It might be an opportunity to "wring out" the hyperbole from his overwrought
prose.

In the words of Hermine Lee's NYT review of his book ( July 6, 2008):


"My main problem with Fisher's book is its tone of voice. To make the Jameses popular, accessible and relevant, and to keep his narrative surging along, Fisher goes in for a relentlessly sprightly, up-to-the-minute headline style. This does come as a change after R. W. B. Lewis's rather stuffy prose, or Edel's leisurely psychoanalyzing of James's books. But it rapidly becomes wearing. Favorite adjectives are dysfunctional, crucial, insecure, conflicted, fateful, weird, iconic, groundbreaking and signature (as in Henry Sr.'s "signature enthusiasm"). Henry eats bland "comfort food" in Britain and Alice is a "career invalid"; Mrs. James is an "icon of domesticity" and Thomas Carlyle has made a "real estate steal." Everything is made racy, dramatic and vivid, as in: "Grief was evidently far from Harry's mind as he hurled himself into the gaiety of the national capital." Or: "Deadly contagious illnesses roved the Victorian world with impunity." There are lashings of travelogue: "The sunshine was cold but the shadows even chillier, as Harry walked into the deep narrow streets of the old city Rome." "Morning coffee was a glorious business at the famous cafe of Florian's on the Piazza San Marco in Venice." Climaxes are loudly signposted: "Little did he know what kind of heiress was waiting for him!" Minor characters are briskly brought to life, with a slightly worrying emphasis on facial hair: "the black-eyed, mustached Friedrich Nietzsche," "the tubercular and long-mustached Scottish novelist Robert Louis Stevenson," Henrik Ibsen "the lion-whiskered Norwegian iconoclast." The book's historical aim -- a confused one -- is to persuade us that the Jameses were typical Victorians yet also exceptions to every Victorian rule: "strange and florid paradoxes of passionate unconventionality and Victorian restraint." Every condescending historical cliché about Victorianism is duly trotted out. We hear repeatedly of "the monumentally repressed 19th century," the treatment by Victorian men of women as "second-class citizens," the eroticism of Victorian sickbeds, Victorian starchiness, double standards, conventions, self-hatred and "ingrown ... convolutions." These stereotypes rush past entirely unexamined."

So says Hermione Lee.

To my mind, his reference to the "eroticism of Victorian sickbeds" is especially egregious, as he references Jane Austen's 'Sense and Sensibility'.
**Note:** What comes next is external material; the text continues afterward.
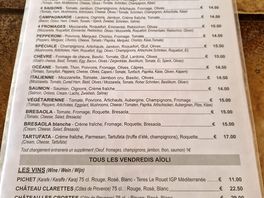 Menu pizza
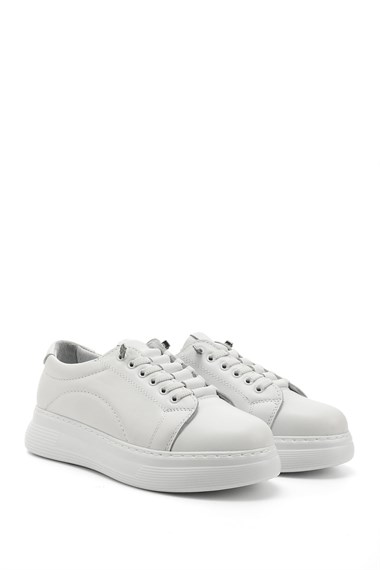 Kadın Beyaz Lastik Bağcıklı Comfort Dolgu Taban Hakiki Deri Sneaker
If Mr. Fisher (Dr.?) had bothered to check his reference, he would find in the book no heroine in sweaty/sexy dishabille. What he is remembering is the MOVIE by Emma Thompson, featuring Kate Winslet.

Too many such assumptions give this book a great deal of 'attitude', which may be great for lectures to uninformed undergraduates. As a portrait, it gives a view
of the James Family OBSCURED by Fisher, who stands between us and his subjects.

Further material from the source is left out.